Do Interim Assessments Need Test Security?

Written by David Foster, CEO, Caveon

The answer is clearly IT DEPENDS!

Assessment is a critical part of the learning process that takes place between teachers and students. Formative assessment occurs during the process of learning as students interact with others in the classroom and provide teachers with information that allows them to adapt instruction as they teach. Interim assessments are used to measure the progress of the learning process and can provide additional information to guide classroom planning. Is a student progressing in learning school subjects? Has a foundational skill been learned that is important so that other skills can be acquired? What specific skills does a student still lack? What additional resources should be brought to bear? These questions can be addressed by a properly conducted interim assessment, administered one or more times during the course of acquiring important knowledge and other skills.
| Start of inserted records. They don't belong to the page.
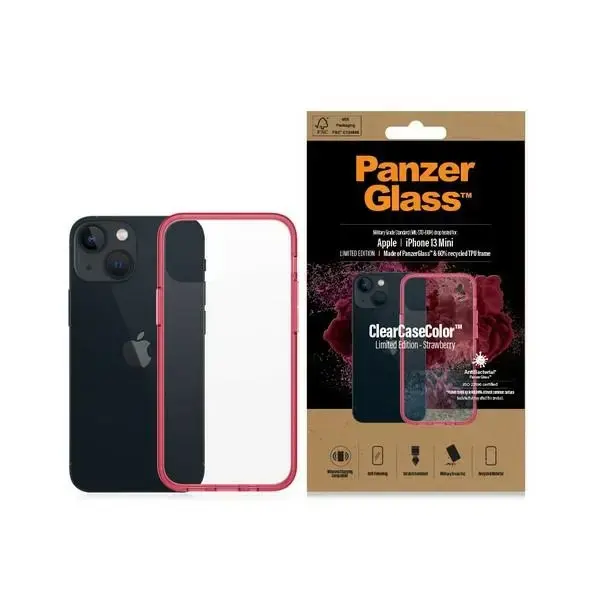 PanzerGlass ClearCase iPhone 13 Mini 5.4" Antibacterial Military grade Strawberry 0330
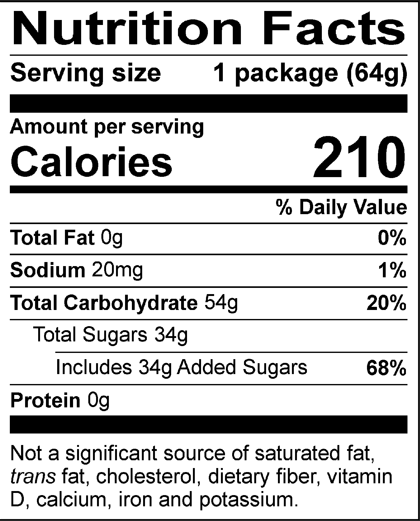 Nutrition Facts Serving size: 1 package (64g), Amount per serving: Calories 210, Total Fat 0g (0% DV), Sodium 20mg (1% DV), Total Carbohydrate 54g (20% DV), Total Sugars 34g (Includes 34g Added Sugars, 68% DV), Protein 0g . Not a significant source of saturated fat, trans fat, cholesterol, dietary fiber, vitamin D, calcium, iron and potassium. % DV = % Daily Value.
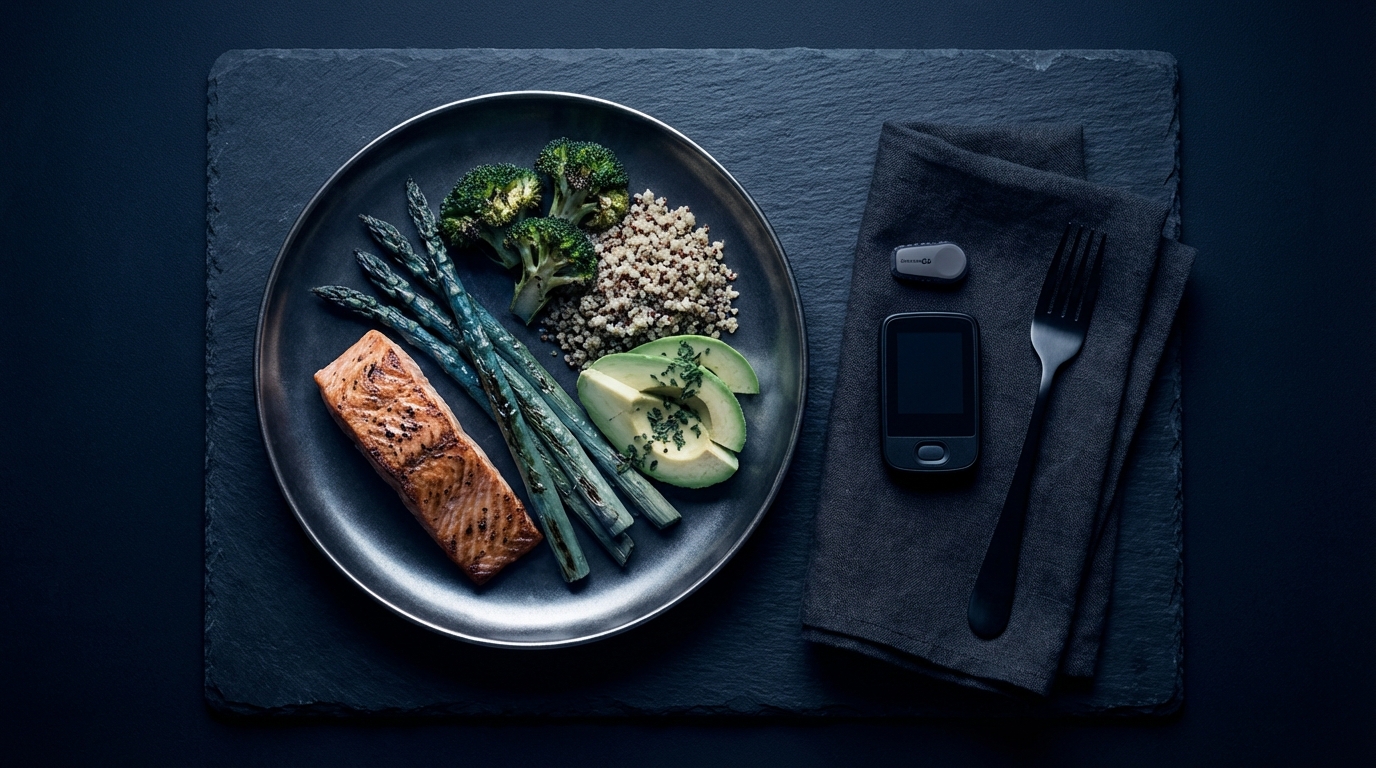 Precision-prepared high-protein meal with glucose monitor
Interim assessments are designed to provide information on a student’s progress and make it possible to evaluate the degree of progress. For many students, such assessments serve as a confirmation that they are learning at a typical pace. In theory, such tests do not have high-stakes consequences, and can be reasonably considered to be low stakes. It can be argued, therefore, that exams used in this way do not need significant test security measures, as the motivation for cheating and the theft of content is low. Following that line of reasoning, proctoring, data forensics, web monitoring, and many other test security measures, are not needed for interim assessments.

But, if the results, the test scores, of interim assessments are used for other purposes in addition to tracking learning progress, then the assessment may have moved to the high-stakes category. For example, a test described as interim acquires high stakes if the results are used to evaluate teacher or school performance. Similarly, if the test is used for student promotion or grade advancement purposes, it has high stakes. If the test is used to place the student into special programs for gifted, ELL, or special needs students, particularly if funding is attached to these decisions, then the test also has high stakes. When the stakes are raised, some students, parents, teachers and/or school administrators may attempt to manipulate the results in order to influence decisions based upon the test score.

It is very tempting for local, district and state administrators to use the results of an assessment in ways that are inappropriate and that were not intended by the test designers or publishers. The big mistake that can be made is failing to recognize that the assessment has now become a high-stakes assessment. Attempts at cheating can be expected, which often surprises everyone, although it shouldn’t. When these attempts occur, expensive investigations are conducted, the media draws public scrutiny to the situation, and the assessment is likely compromised and may need to be replaced, sometimes at great cost if the assessment is used widely. When such compromises occur, this provides substantial evidence that the assessment cannot be used properly for either the additional purposes or the original use, that of evaluating student growth or progress.

The Standards for Educational and Psychological Testing, published in 2014 by the American Educational Research Association, the American Psychological Association, and the National Council on Measurement in Education), provide strong, consensual guidance to administrators in this area. Standard 1.2 states:

A rationale should be presented for each intended interpretation of test scores for a given use, together with a summary of the evidence and theory bearing on the intended interpretation (p. 23).

Standard 1.25 goes on to state:

When unintended consequences result from test use, an attempt should be made to investigate whether such consequences arise from the test’s sensitivity to characteristics other than those it is intended to assess or from the test’s failure to fully represent the intended construct (p. 30).

The numerous educational cheating scandals in the past few years demonstrate that tests are extremely sensitive to the effects of test fraud. In every case, such fraud has resulted in greatly inflated average scores for classrooms and schools. Based on these standards, and common sense, we have two recommendations.

Recommendation 1. The test publisher should provide specific warnings against inappropriate use, along with the reasons. Here is an example:

This assessment was created for the sole purpose of measuring student growth and has value only in determining student progress and to provide teachers with information to help them identify appropriate instructional resources to assist the student. The test scores from this assessment, if administered according to assessment manuals, MUST NOT BE USED for other purposes, such as being part of the evaluation of teachers, schools, districts and states. If the test is used to evaluate teacher or school performance, the test response data test will be susceptible to potential manipulation by those with a stake in the outcome, thereby decimating the validity and reliability of the test and rendering it useless in measuring student progress.

Recommendation 2. If it is decided that the interim assessments must be used for these high-stakes educational purposes, then it is required that the school, district, or state put in place an appropriate high level of security, following standards and best practices to the letter.